*DATA*

:::

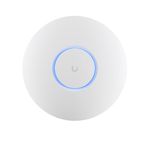 Ubiquiti U6+ punto accesso WLAN 2402 Mbit/s Bianco Supporto Power over Ethernet (PoE)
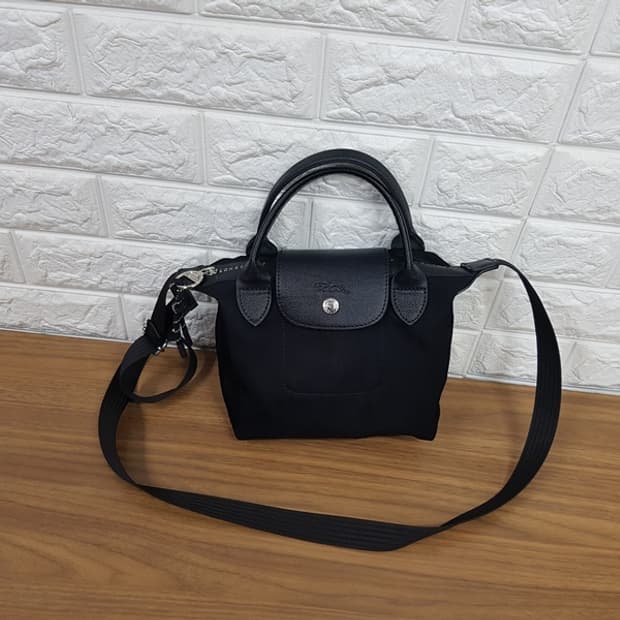 롱샴 토트백 & 크로스백 (스몰사이즈)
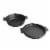 HD Outdoors Cast Iron Cook-It-All Perspective: bottom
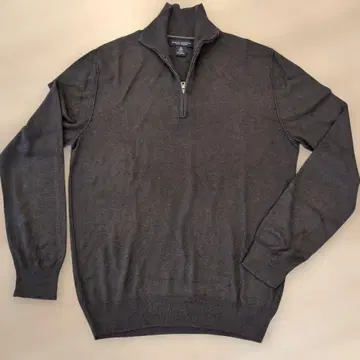 바나나리퍼블릭 캐시미어, 실크 니트 다크 브라운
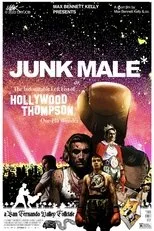 Póster de Junk Male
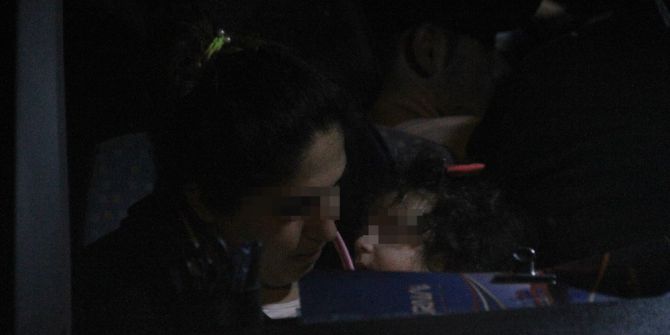 Milas’ta Göçmen Kaçakçılarına Tutuklama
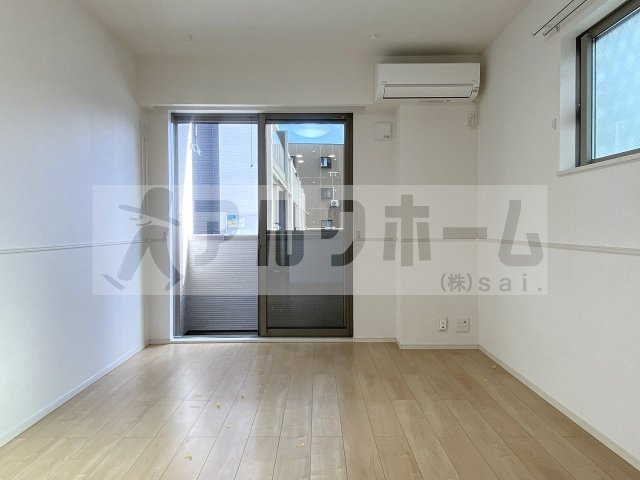 モンブラン1の居間・リビング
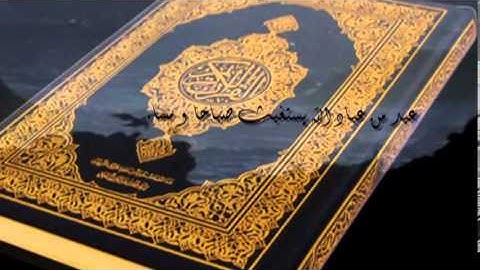 أذكار الصباح والمساء ·· للشيخ محمد الشنقيطي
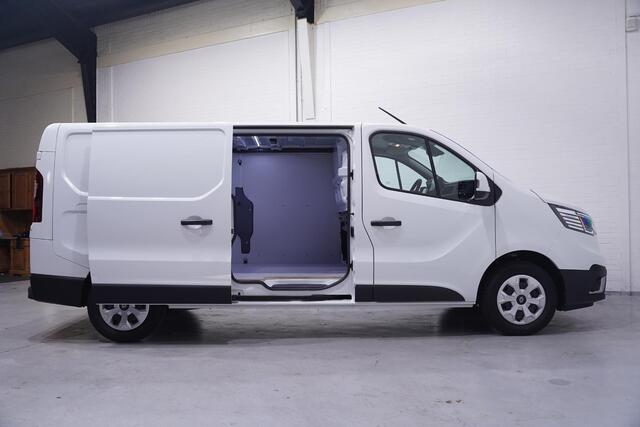 Renault TRAFIC 2.0 Blue DCi 150 pk L2H1 Airco, Exterieur Pakket Laadruimte Pakket, LED Koplampen, PDC achter, BPM Vrij, 3-Zits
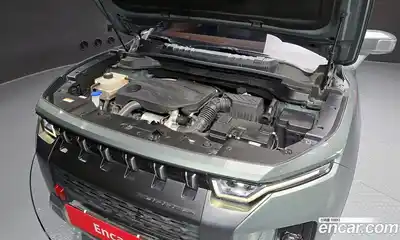 SsangYong Torres 2023 1.5 Автомат в Москве № 31870, миниатюра 8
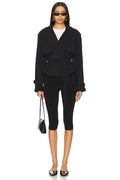 The Cropped Charles Trench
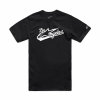 Μπλουζάκι ALPINESTARS CSF LOS ANGELES BK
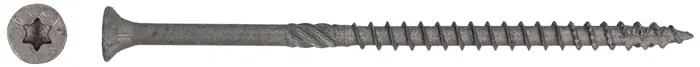 Bauschraube Flachkopf 8mm TX-40 AR 150mm DYNAPLUS VE: 400 Stück Bestpreis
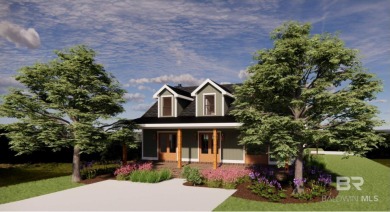 Lake Home For Sale in Loxley, Alabama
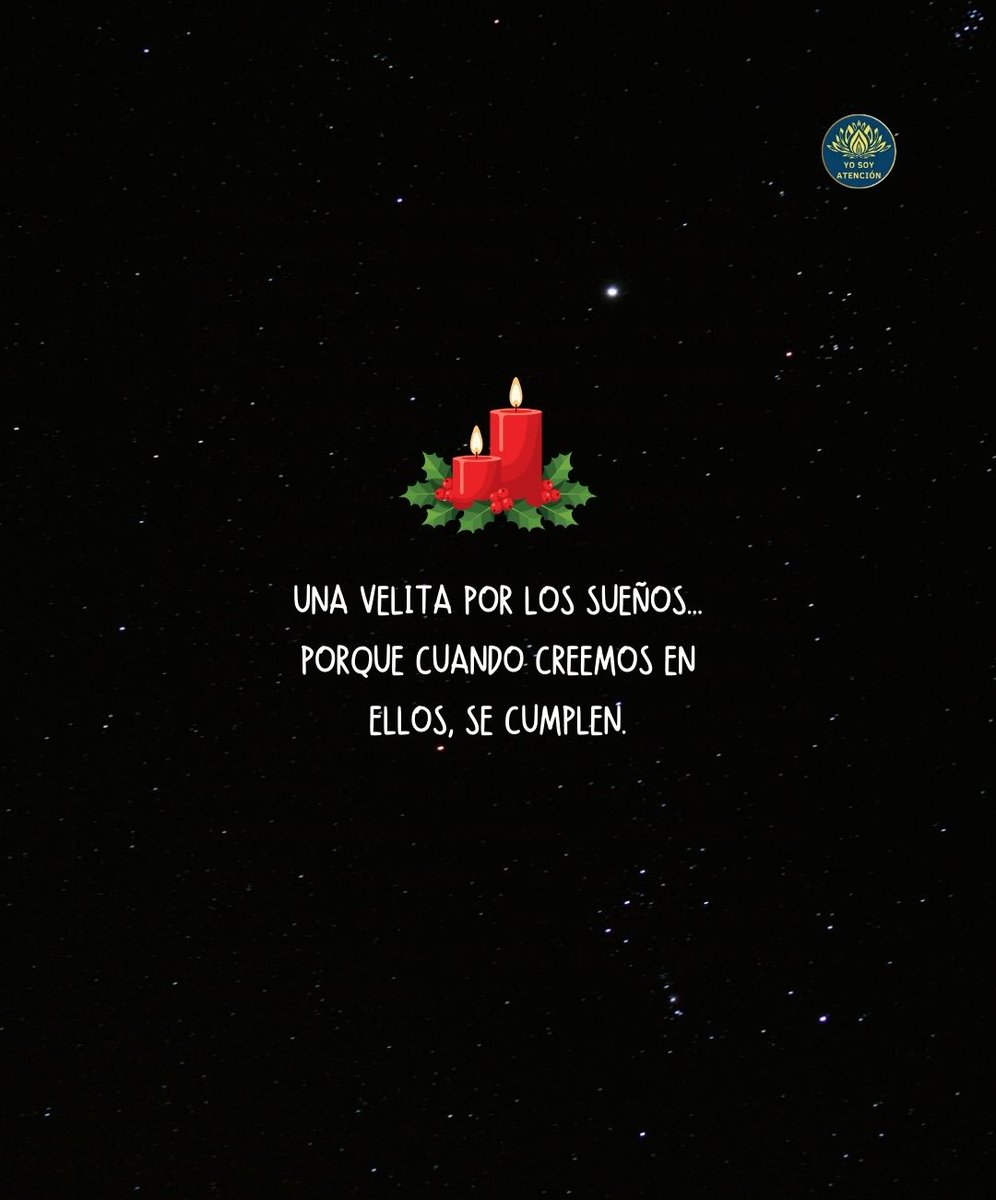 AtencionYoSoy's tweet image. Que así sea ✨✨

:::

*WHAT THIS TASK INVOLVES*
Copy exactly and only this span: the line with "Milas’ta Göçmen Kaçakçılarına Tutuklama" through the final line of the entries, both ends included, with the pictures left out.

*SOLVED EXERCISE*
 Milas’ta Göçmen Kaçakçılarına Tutuklama
 モンブラン1の居間・リビング
 أذكار الصباح والمساء ·· للشيخ محمد الشنقيطي
 Renault TRAFIC 2.0 Blue DCi 150 pk L2H1 Airco, Exterieur Pakket Laadruimte Pakket, LED Koplampen, PDC achter, BPM Vrij, 3-Zits
 SsangYong Torres 2023 1.5 Автомат в Москве № 31870, миниатюра 8
 The Cropped Charles Trench
 Μπλουζάκι ALPINESTARS CSF LOS ANGELES BK
 Bauschraube Flachkopf 8mm TX-40 AR 150mm DYNAPLUS VE: 400 Stück Bestpreis
 Lake Home For Sale in Loxley, Alabama
 AtencionYoSoy's tweet image. Que así sea ✨✨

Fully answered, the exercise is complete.